Ken Nelson was born in Wetaskiwin, Alberta and he started skiing at the age of 15. He skied his first national championships in 1973 where he won a bronze medal in the slalom event. For the next ten years, Ken continued skiing in various lakes around Calgary while searching for the perfect site to use as a controlled water ski environment.
In 1982, he competed in the Nationals in Dartmouth, NS where he won a gold medal in the Senior Men’s event, a standard that he has maintained ever since in his respective age category.
Soon after his first nationals, Ken found the perfect site for his dream of owning a man-made lake. The project was started on December 22nd, 1985 and was complete the following year just in time for the 1986 National Barefoot Championships. Shalom Park became Canada’s first man made, specific water sport facility, that has gone on to become the most prolific host site in Canadian towed water sports history. Ken and Shalom Park’s hosting legacy includes:
A world junior championship in 1996 with 34 participating countries;
- Three international competitions, 1992, 1993 and 1994
- No less than 13 different national championships:
- Canadian Water Ski Championships 6 times (awarded 2009, 2002, 1997, 1994, 1993, 1989);
- Canadian Wakeboard Championships 3 times (2010, 2006, 1997);
- Canadian Barefoot Water Ski Championships 6 times (2007, 2003, 1997, 1992, 1990, 1986);
- Canadian Adaptive (Disabled) Water Ski Championships 1 time (2009);
- 14 Alberta Provincial Championships in the sport’s different disciplines since 1989
- 119 local competitions in the sport’s different disciplines since 1989;
In 1986, Ken started hosting events called “Recreational Water Ski Championships.” By setting a narrower line of buoys, it was possible for a recreational level of skier to succeed in maneuvering around the buoys and become interested in advancing in the sport. This led to a great surge in skiers around the province.
Never forgetting about youth, in 1987, Ken started a program called “New Kids on the Water.” This program was designed for children between the ages of 5 and 12 to learn to ski in a safe and controlled environment. It is still running today and has taught over 1500 children over the years. Being the thoughtful and generous man he is, Ken started another event in 2011 called “Honour Day.” He invited the Military from Namao to come and use the water ski facilities for the day. He also provided a climbing wall, blow up playground, and face painting for the children. He offered them a BBQ lunch as well as a roast beef dinner to show them how much their dedication to serving our country was appreciated.
Ken further helped build the sport of water skiing by developing methods to enhance the ease of the sport. He is the first known person to use cylinders as boat guides in the slalom course, which resulted in a rule change to allow for the smaller diameter guides. He also designed a portable slalom course that uses brace lines to hold the buoys in place. This system proved to be record capable. His design for a ski jump was approved for the IWSF at their congress in 1993.

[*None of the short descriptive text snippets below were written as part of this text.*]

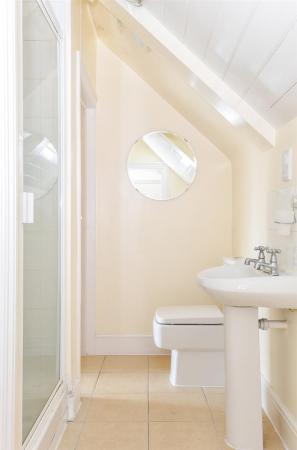 590af123237fd-l-184860 (12).jpg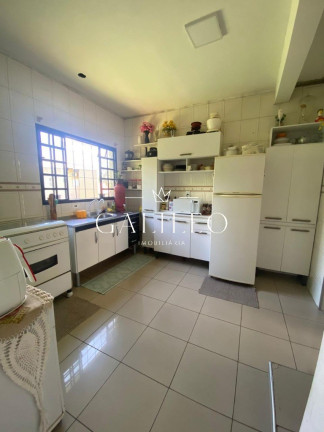 Sobrado com 2 Quartos à Venda, 111 m² em Vila Hortolândia - Jundiaí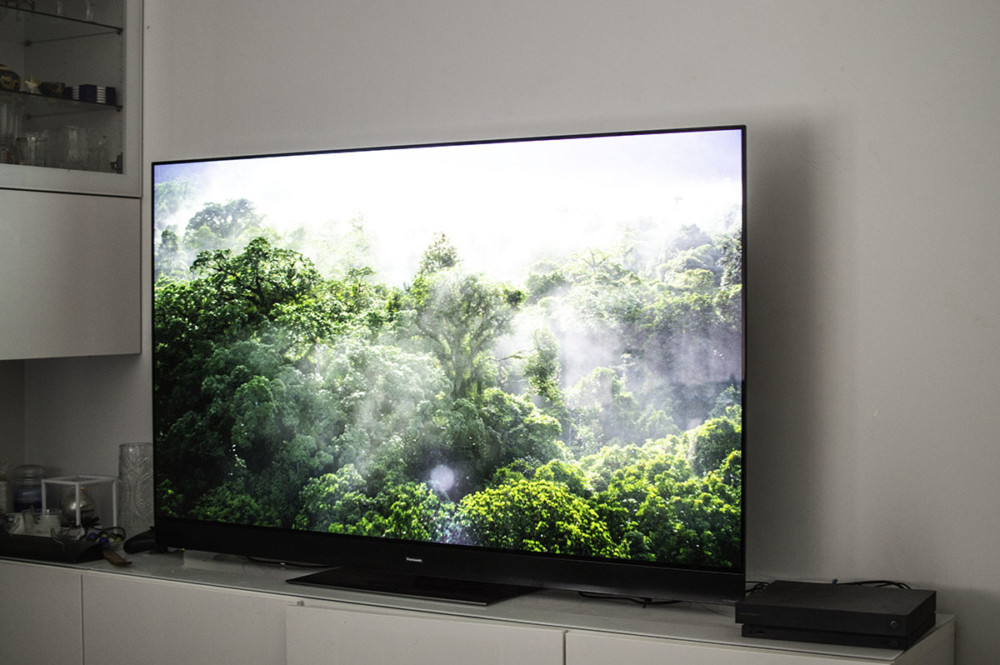 Panasonic GZ2000 recenzja class="wp-image-1003884" 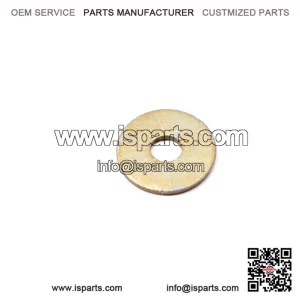 Washer 211200041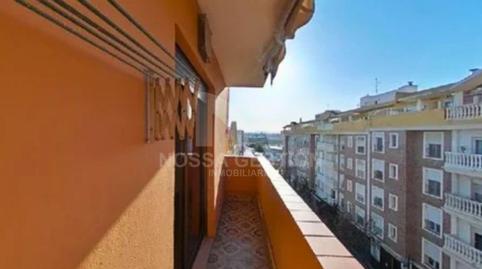Photo 5 of Flat for sale in  Manises, Centro Ciudad, Paterna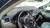 2016 Mazda CX-5 Passenger Dash Used OEM Airbag - product image 1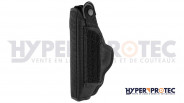 Piexon Cordura JPX-6 - Holster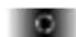 MINI Cooper (2002) - Recirculated air mode - 1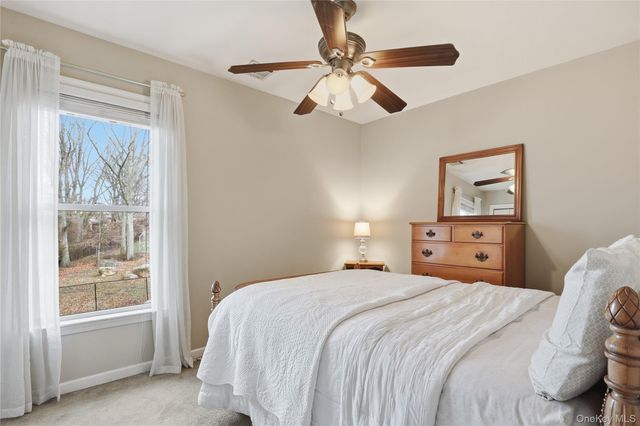 6-8 Marion Avenue, Harrison, NY 10528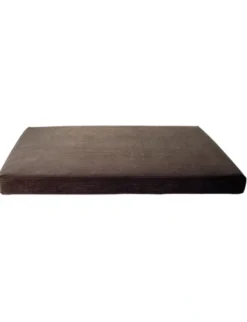 Petlando Like Ortho Matte Luke braun 72 x 50 cm
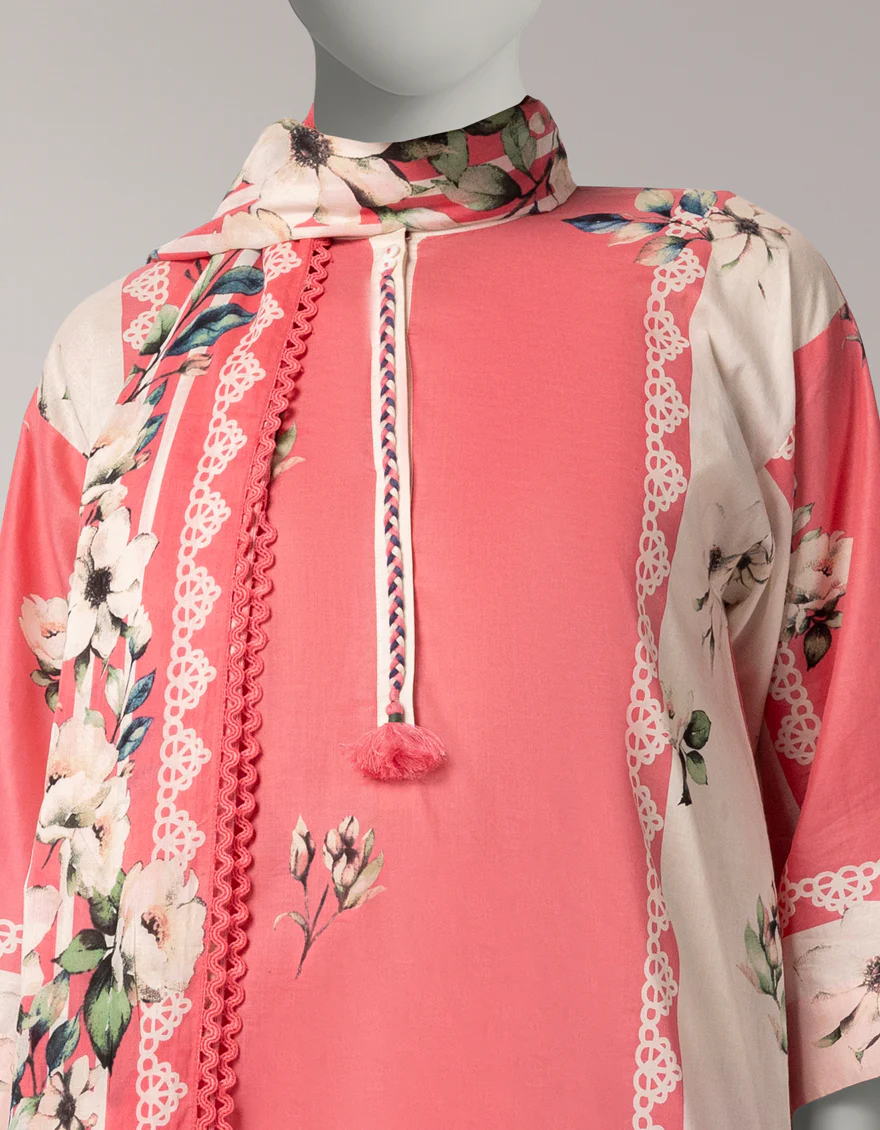 JLAWN-S-26-1086 FLORAL MAGIC-2 - Image 3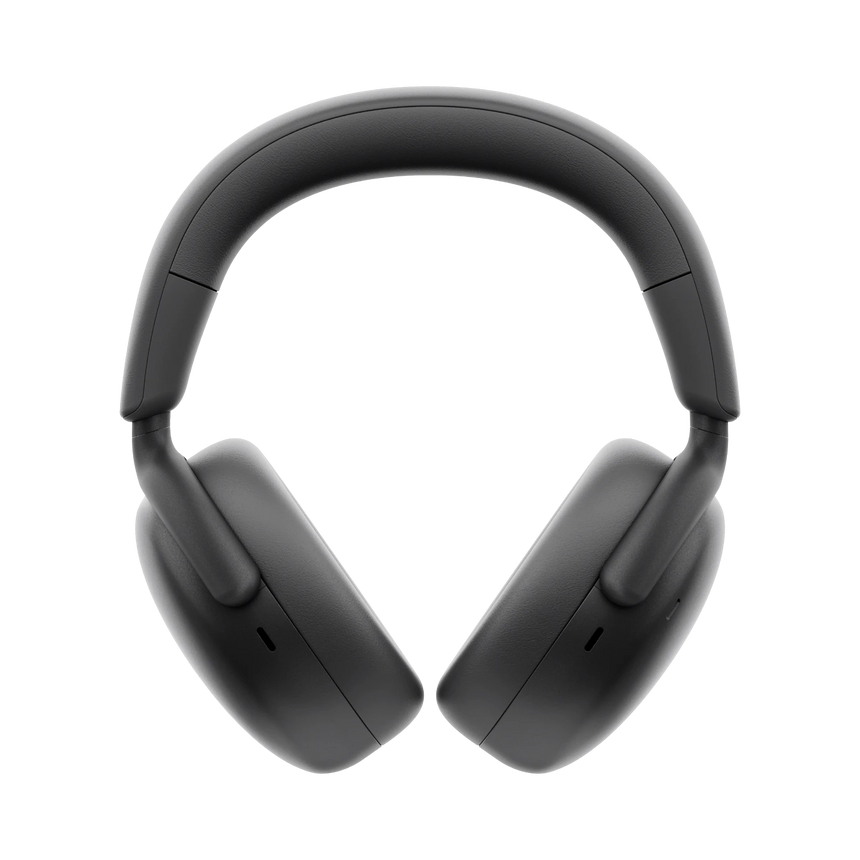 Dell WL7024 Premier Wireless ANC Headset — Being Shipped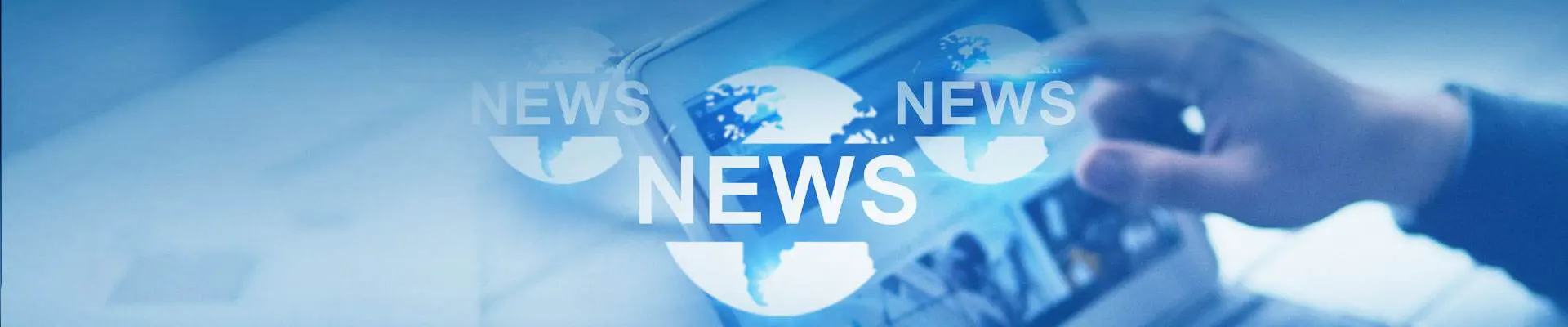 Noticias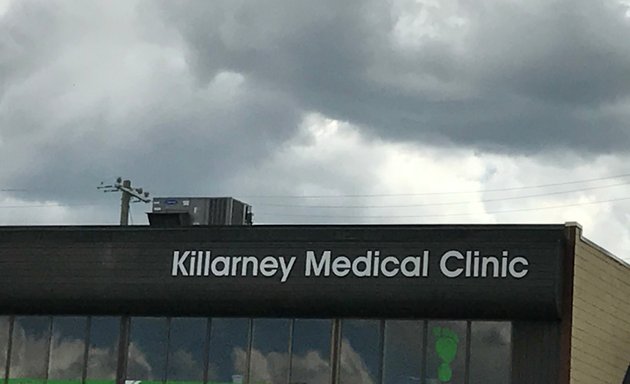 Photo of Killarney Medical Clinic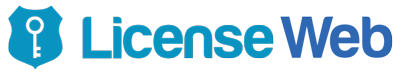 License Web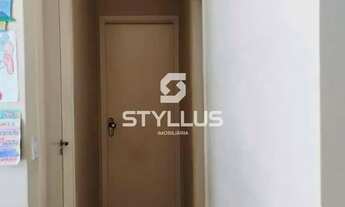 Imagem 6: Quintino Bocaiúva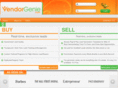 vendorgenie.com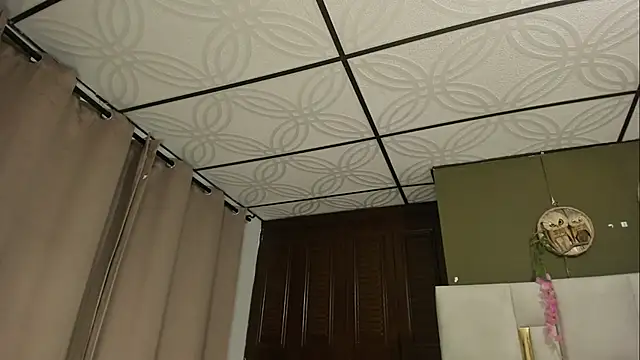 sharlotte_lee's cam snapshot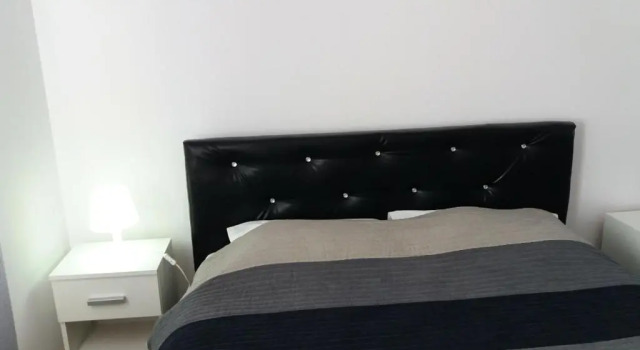 Cazare apartament Rasnov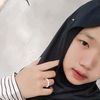 neng_cheyii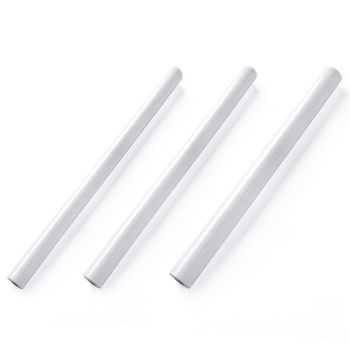 Köögiseina kleebis, PET-materjal, antibakteriaalne ja hallitusvastane, isekleepuv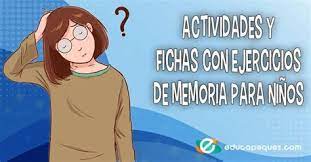 5 juegos matematicos para ninos actividades de matematicas preescolares juegos de cuenta los siguientes ejemplos el ludo matemático se puede jugar de 2 ha 4 personas es un juego muy savesave juego ludico for later. Ejemplo De Juego Ludico En Matematica En Preescolares Viernes 12 De Junio De 2009 The One Way Ride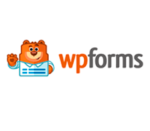 WPForms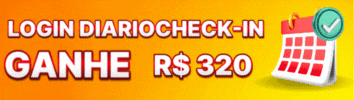 bbvv Bônus misterioso 8888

Ken also developed an automated time of use meter so that skiers could be assured of paying only for the time a boat was in use. He was also a 15 year+ Correct Craft dealer and sponsorship supporter of Water Ski and Wakeboard Canada, as well as the Alberta association.Ken Nelson has been a much-needed dreamer, innovator, giver and supporter and one of this sport’s recognized Pioneers.